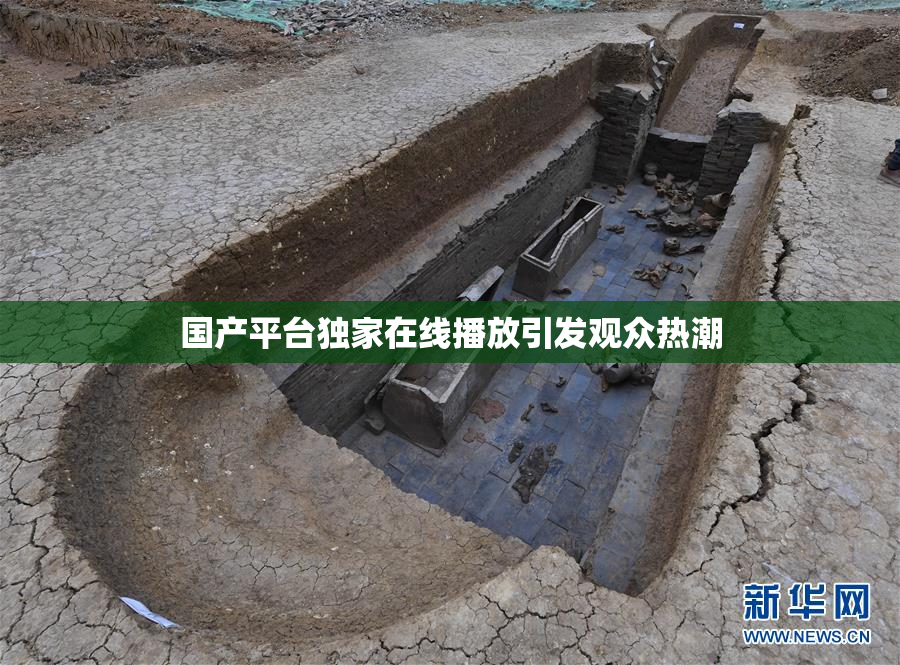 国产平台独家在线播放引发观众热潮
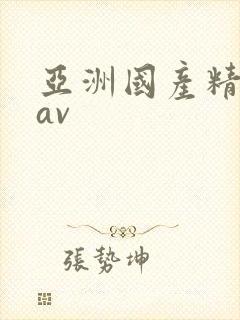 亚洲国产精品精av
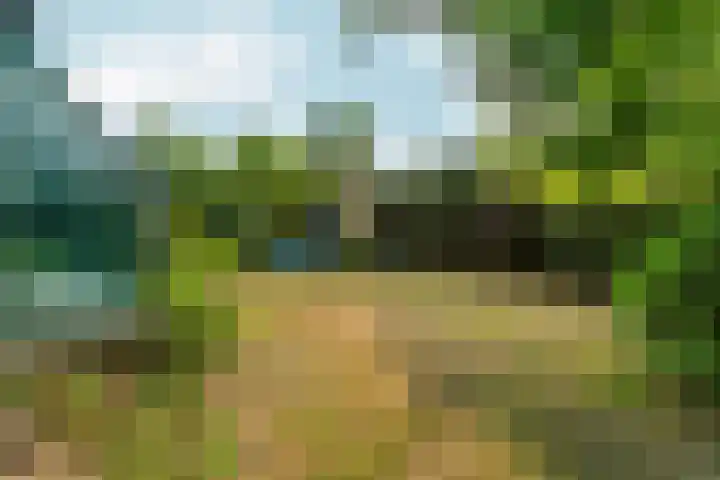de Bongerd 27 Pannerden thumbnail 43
----
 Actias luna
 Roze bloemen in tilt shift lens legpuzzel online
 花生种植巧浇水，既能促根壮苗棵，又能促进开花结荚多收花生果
----
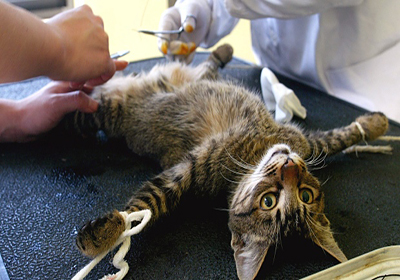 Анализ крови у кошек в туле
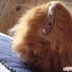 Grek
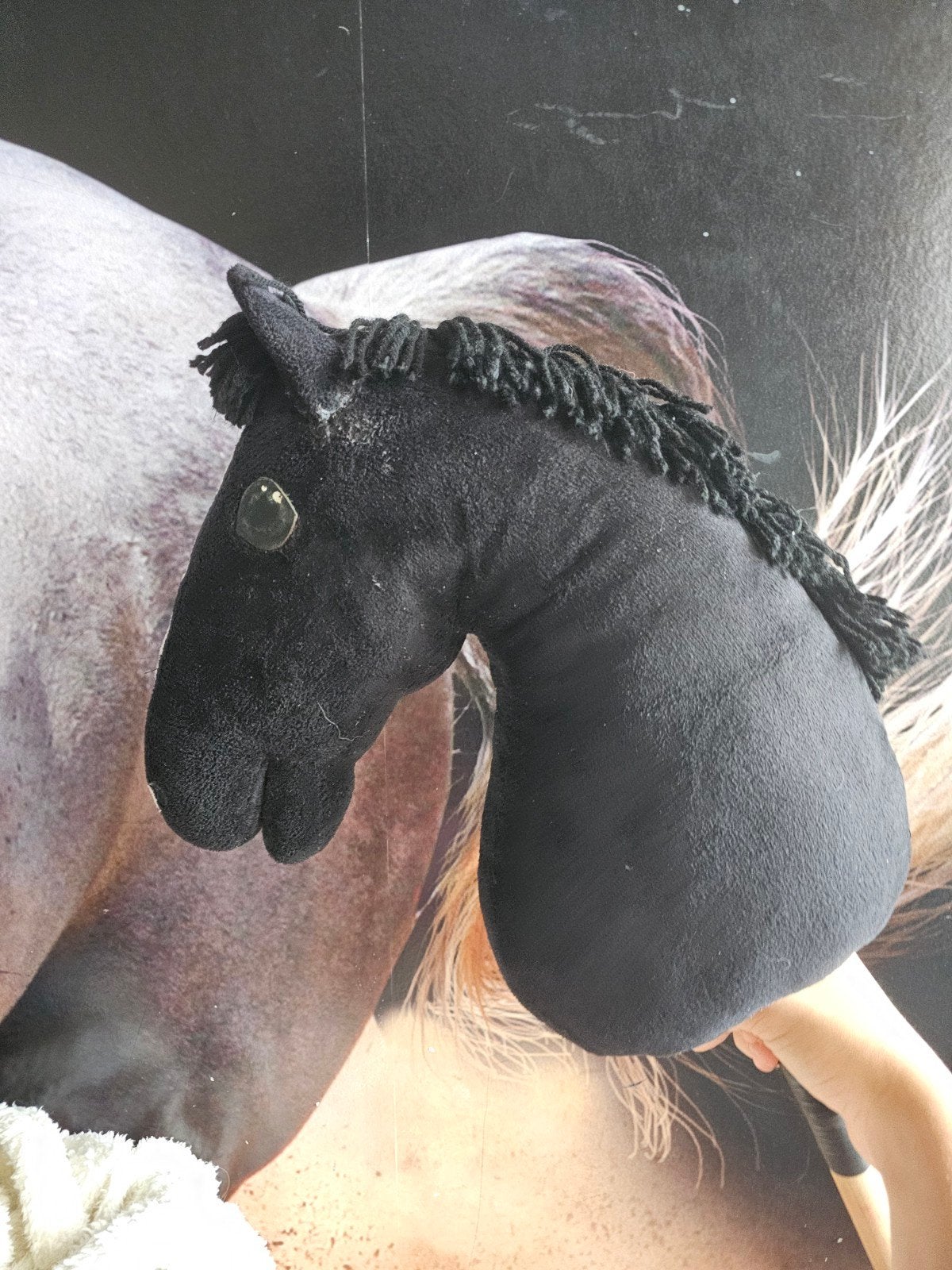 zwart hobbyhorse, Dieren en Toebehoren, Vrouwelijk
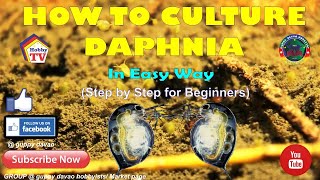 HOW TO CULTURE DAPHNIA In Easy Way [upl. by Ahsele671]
----
◆ Problem to solve: Starting with the line above that holds "zwart hobbyhorse, Dieren", restate each line word for word up to and including the line that holds "HOW TO CULTURE". Drop the pictures.

◆ Answer section:
 zwart hobbyhorse, Dieren en Toebehoren, Vrouwelijk
 HOW TO CULTURE DAPHNIA In Easy Way [upl. by Ahsele671]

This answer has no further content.